> Supplied data
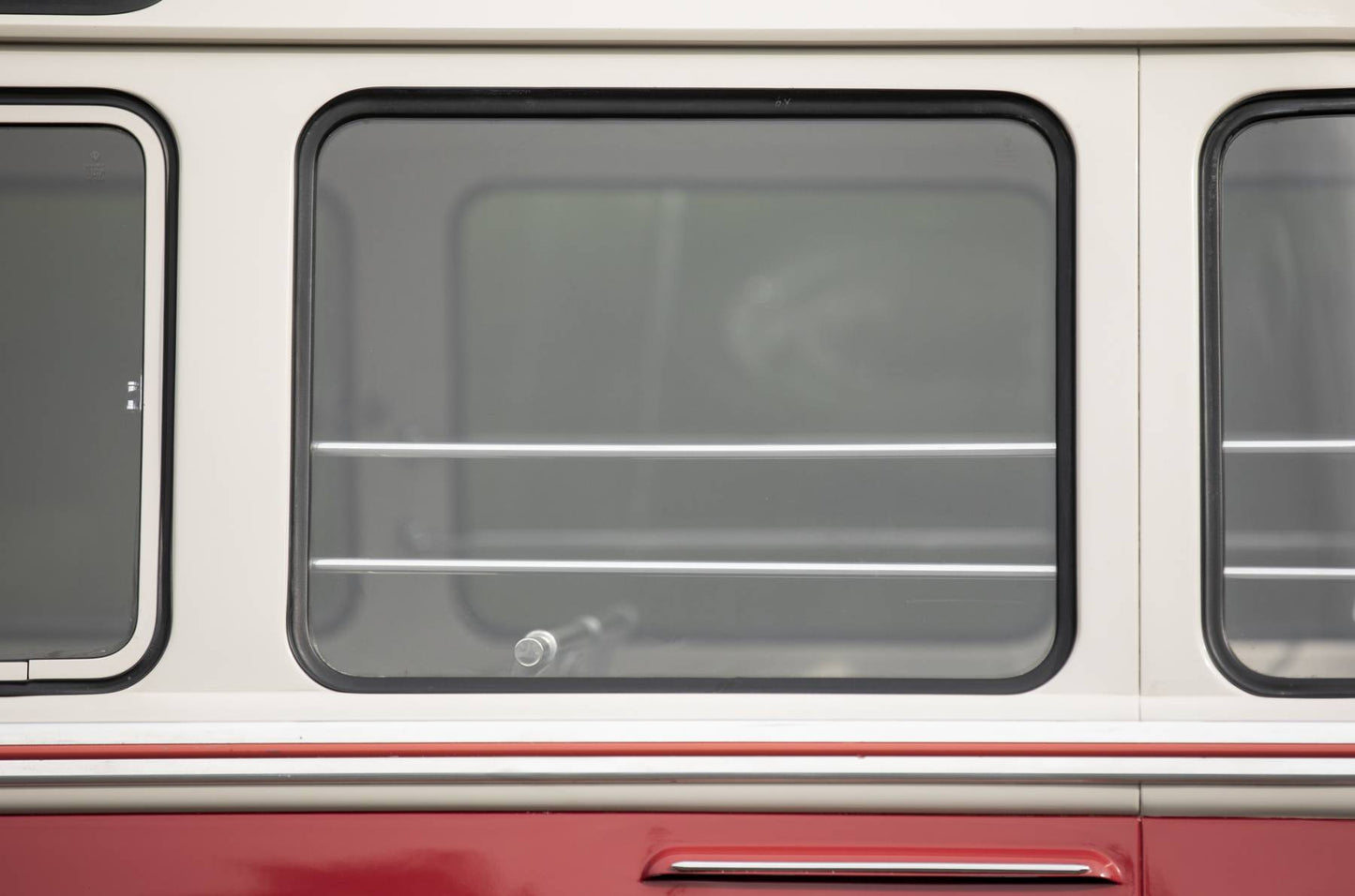 1962 VW Microbus 23-Window Samba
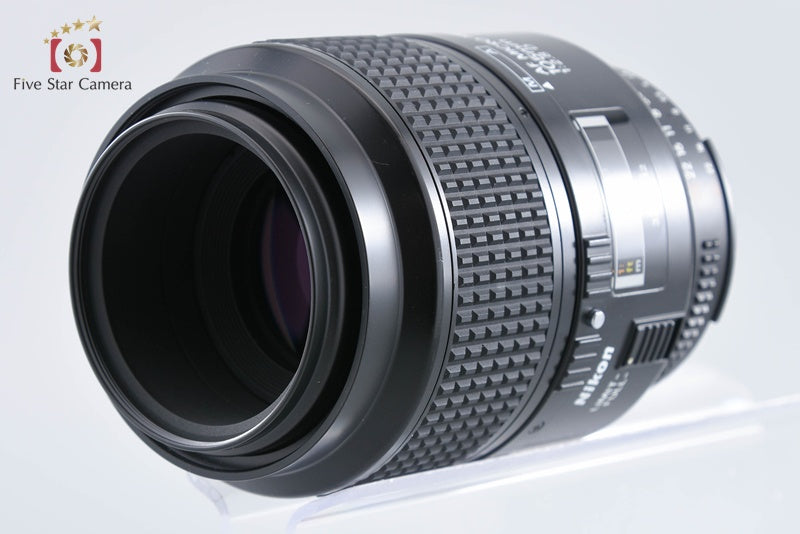 Nikon AF MICRO NIKKOR 105mm f/2.8 D from Japan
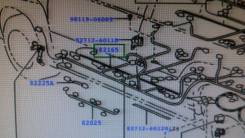 Электропроводка. Lexus LX470, UZJ100 Toyota Land Cruiser, HDJ101, HDJ100, UZJ100 Двигатели: 2UZFE, 1HDT, 1HDFTE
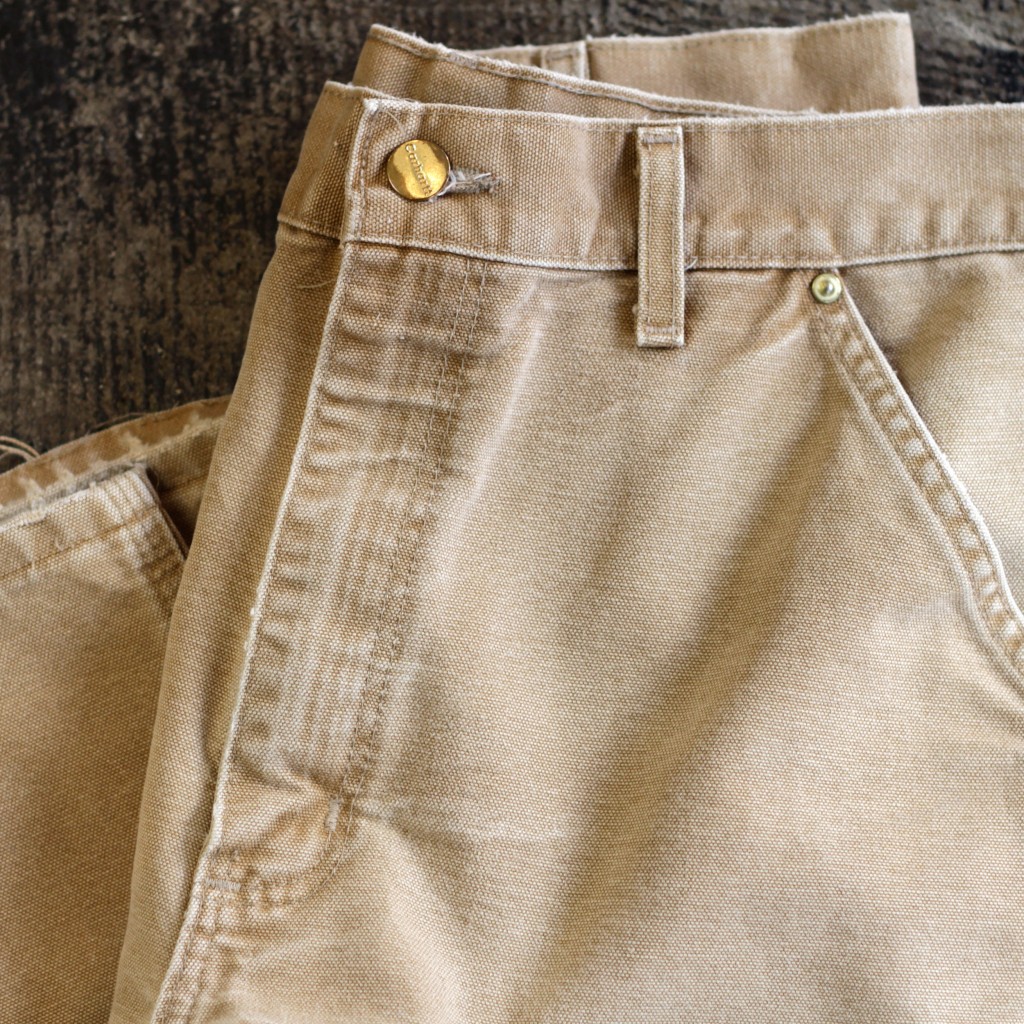 Carhartt Double Knee Duck Pants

> Work to be completed
Reproduce the lines of the listing exactly, starting at the one that contains "Nikon AF MICRO" and continuing through the final line, but leave out the pictures.

> Response for this exercise
 Nikon AF MICRO NIKKOR 105mm f/2.8 D from Japan
 Электропроводка. Lexus LX470, UZJ100 Toyota Land Cruiser, HDJ101, HDJ100, UZJ100 Двигатели: 2UZFE, 1HDT, 1HDFTE
 Carhartt Double Knee Duck Pants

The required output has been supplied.